Most of my jig flies are Pheasant tails tied "in the round", Hare's Ears without a shellback, Quill Bodies with just dubbing and a little flash for the legs. You can add shellbacks to jig on the larger flies, but its a headache and unnecessary for the smaller ones. I tie a small winter black stone nymph on both a standard nymph hook and a jig style, the only difference is no shell back, this is because dealing with a hook point in your way vs. a wide open shank makes a huge difference, and you won't have to worry about stabbing yourself every 2 seconds with the hook.

Another key to success with jig flies is to secure the bead from flopping around while you are starting to tie.
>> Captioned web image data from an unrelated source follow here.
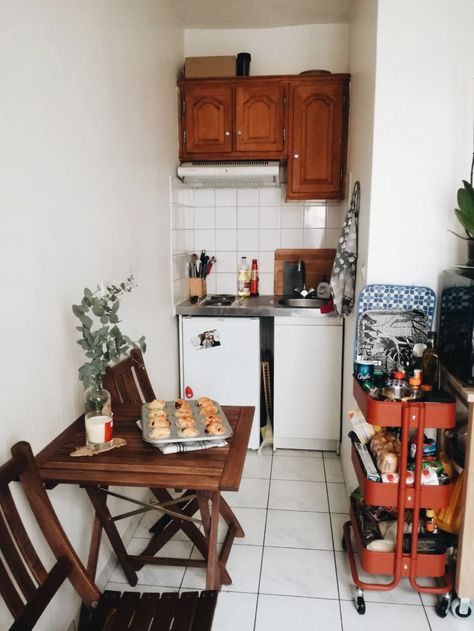 My tiny Paris apartment and tips for surviving life in a small space – That Supersonic Youth Apartment Tiny Kitchen, French Tiny Apartment, Small Kitchen Ideas Modern Simple Apartment, Tiny French Apartment, Cute Tiny Apartment, Ikea Tiny Kitchen, Studio Kitchen Ideas Small, Small Living Space Ideas, Tiny Apartment Living Room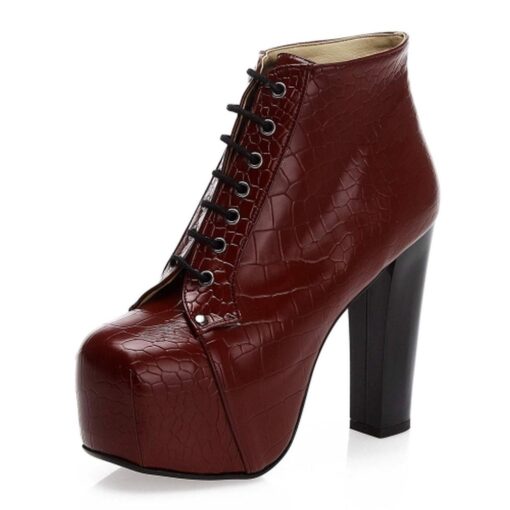 Burgundy Crocodile Platform Heeled Boots RA-010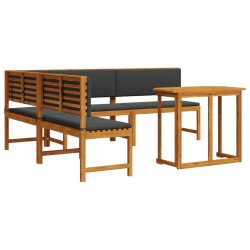4-Piece Garden Dining Set with Cushions - Solid Acacia Wood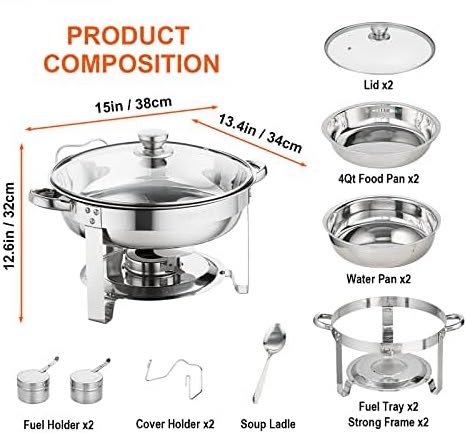 Tabletop circular buffet warmer with fuel can ready for food service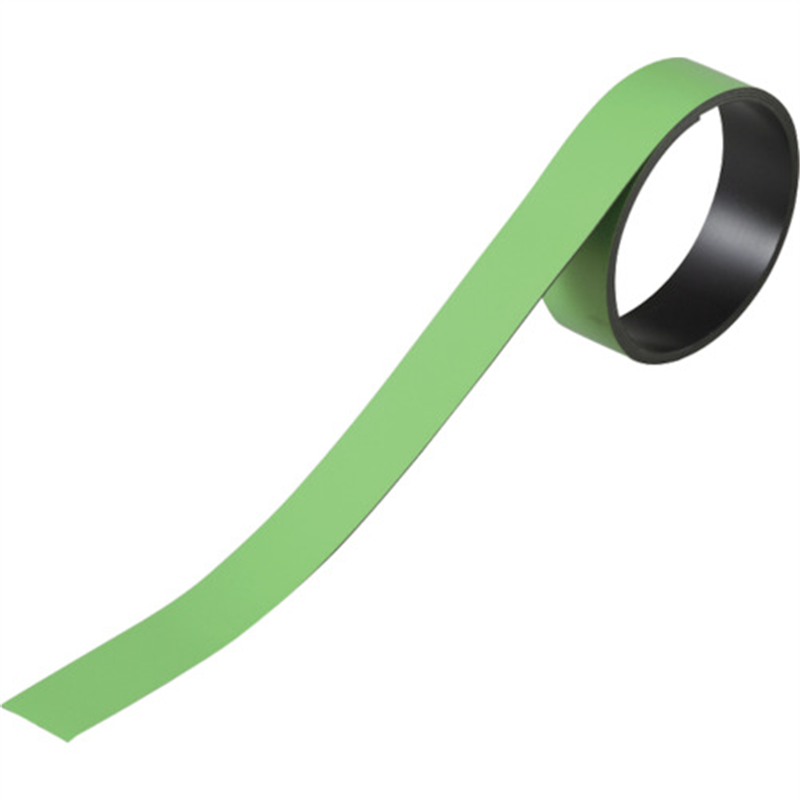 緑十字 テープ状カラーマグネット 緑 マグネ20G 20mm幅×1m×0.8mm 片面磁力 1本（ご注文単位1本）【直送品】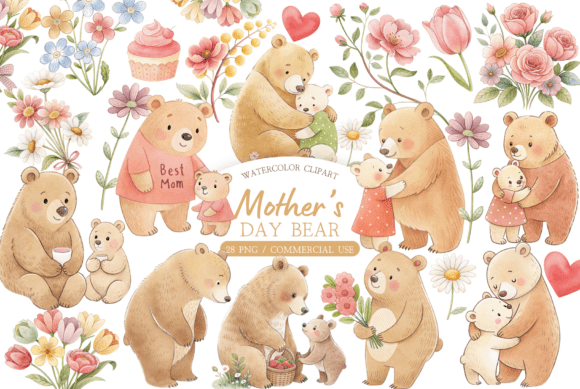 Watercolor Mama Bear and Baby Clipart: The Perfect Resource for Heartfelt Mother's Day Creations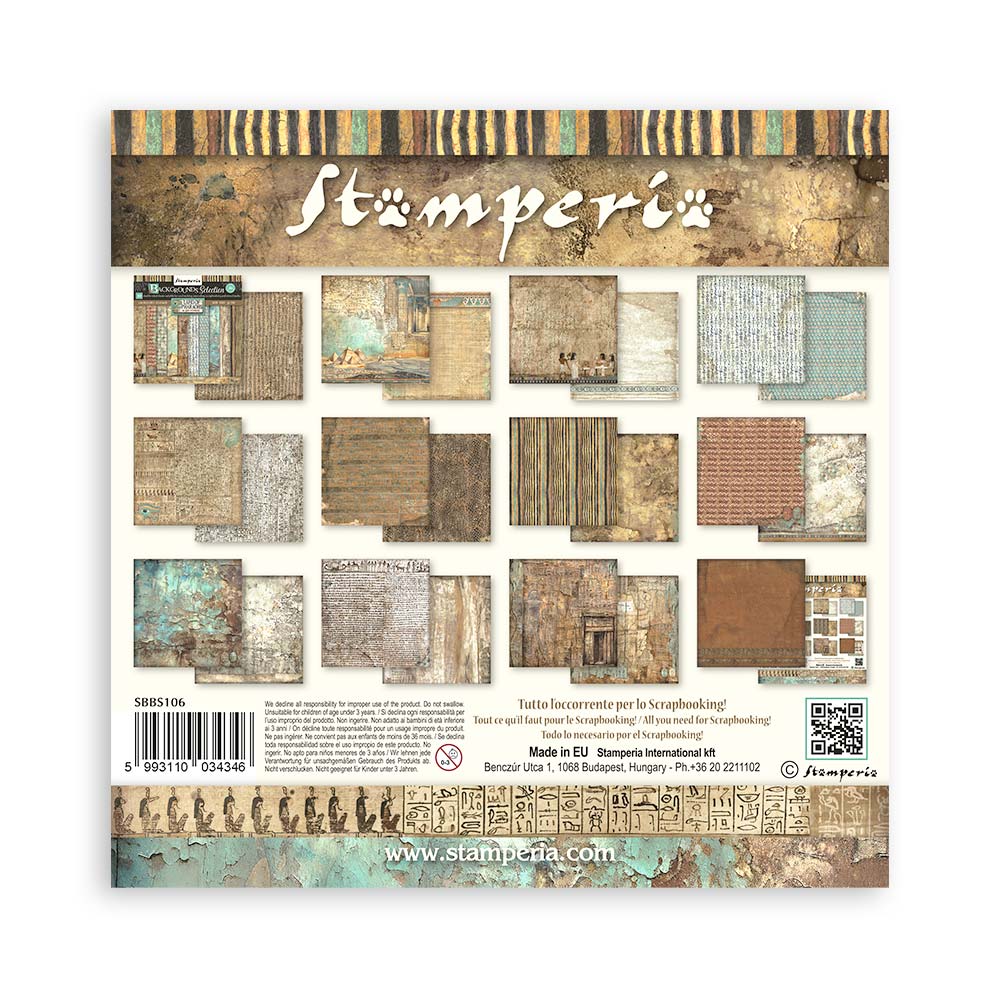 Scrapbookingpapper - Backgrounds - Land of Pharaohs - Stamperia - Tidformera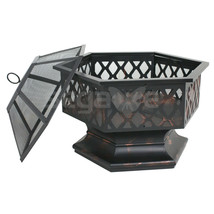 Outdoor Fire Pit Backyard Fireplace Campfire Patio Wood Burning Hex Shaped Bowl - £87.92 GBP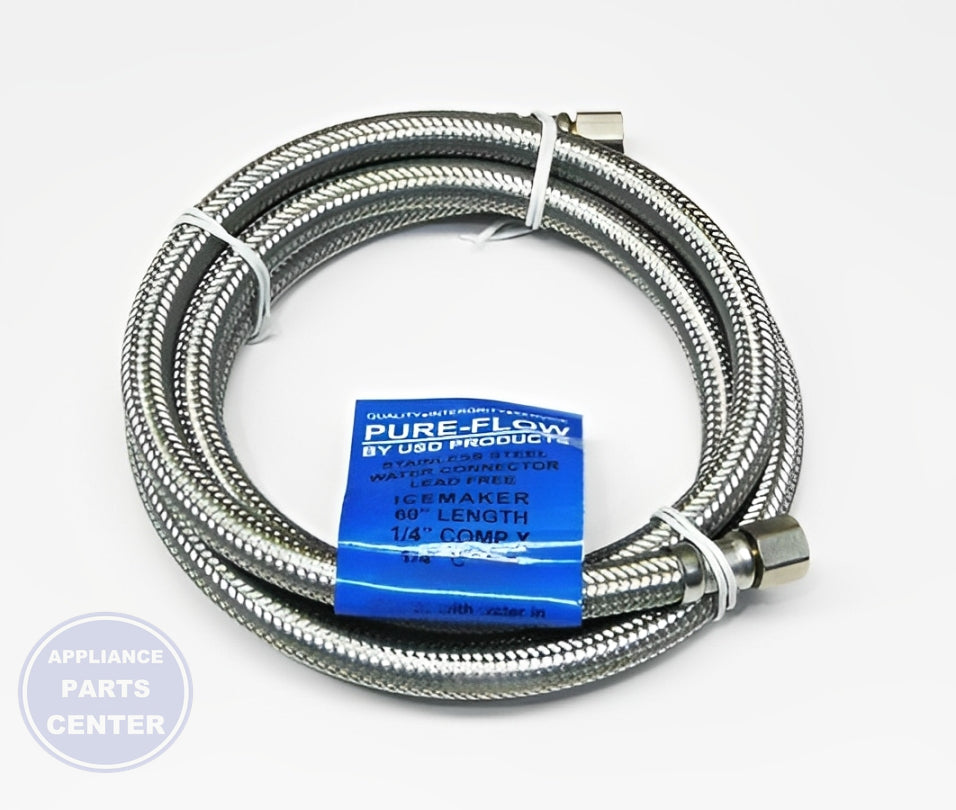 USD Products ICEMAKER SUPPLY LINE 04-90160SS-LF - Main view showing stainless steel construction for Samsung and LG models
One way I have found to keep the bead in place and stop it from spinning around is adding a few lead wraps behind the bead and pushing it tight to the bead. The other way is to make a small thread dam behind it. I do this often times when I'm trying to make a smaller, lighter jig. I will use this dam to also the start of my body taper for the fly.

Jigs are used as anchor flies most of the time. This is also why I try to keep it simple, for restocking purposes. I have found that if you start with a larger jig hook (8-12) with the style flies you are trying to tie, this will help you get proportions right before you start into the smaller sizes (14-18). I often times will tie one style of fly in 3 to 4 sizes, always starting with the larger ones first, again to help with proportions but also help with your tying movements around the hook point and tying inverted.

These are 3 tips that have made tying jig flies fun for me with the least amount of frustration. Hope this helps.

Over the next moth I will be posting more on jigs to give everyone some ideas on simple ones to tie. Maybe even a tutorial or video.